Marjorie Maguire died on December 7 at her home in Downview Road.
At an inquest into her death on Tuesday (February 26) assistant coroner for West Sussex Joanne Andrews recorded a verdict that the 86-year-old died of an industrial disease after being exposed to the deadly dust whilst working at a hospital in London.
The inquest heard how Mrs Maguire worked at Marks and Spencer whilst training to be a nurse in the 1950s.
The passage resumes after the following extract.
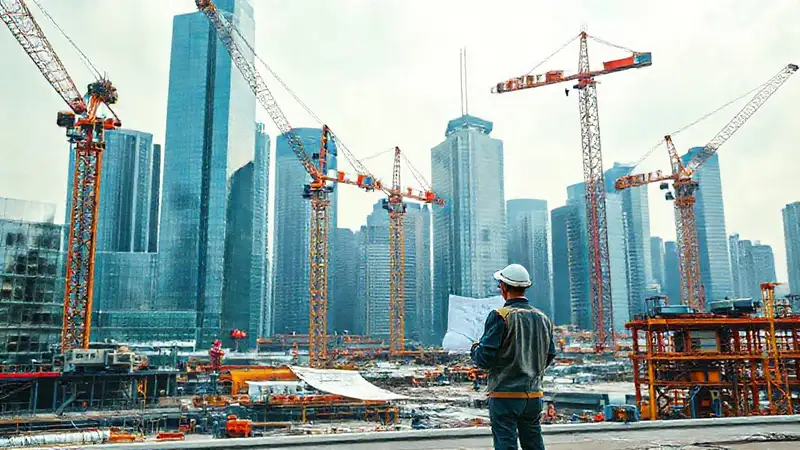 Ciudad moderna en construcción futurista vibrante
She spent several years working as a nurse before having to give up the profession after developing an allergy to penicillin.
She went on to become a missionary and spent several years in France and Belgium spreading the word of Christianity and selling Christian literature, the inquest heard.
Mrs Maguire later returned to England and became a receptionist before running a bookshop.
In evidence read out by coroners’ officer Geoff Charnock the inquest heard Mrs Maguire began feeling unwell in November 2017. After several tests she was diagnosed with mesothelioma, a form of lung cancer caused by exposure asbestos.
She died in the care of St Barnabas House Hospice staff at her home on December 7.
The inquest heard how it was believed she had been exposed to asbestos whilst working at a hospital in London in the 1960s.
Mrs Andrews recorded a verdict of industrial disease as the cause of Mrs Maguire’s death.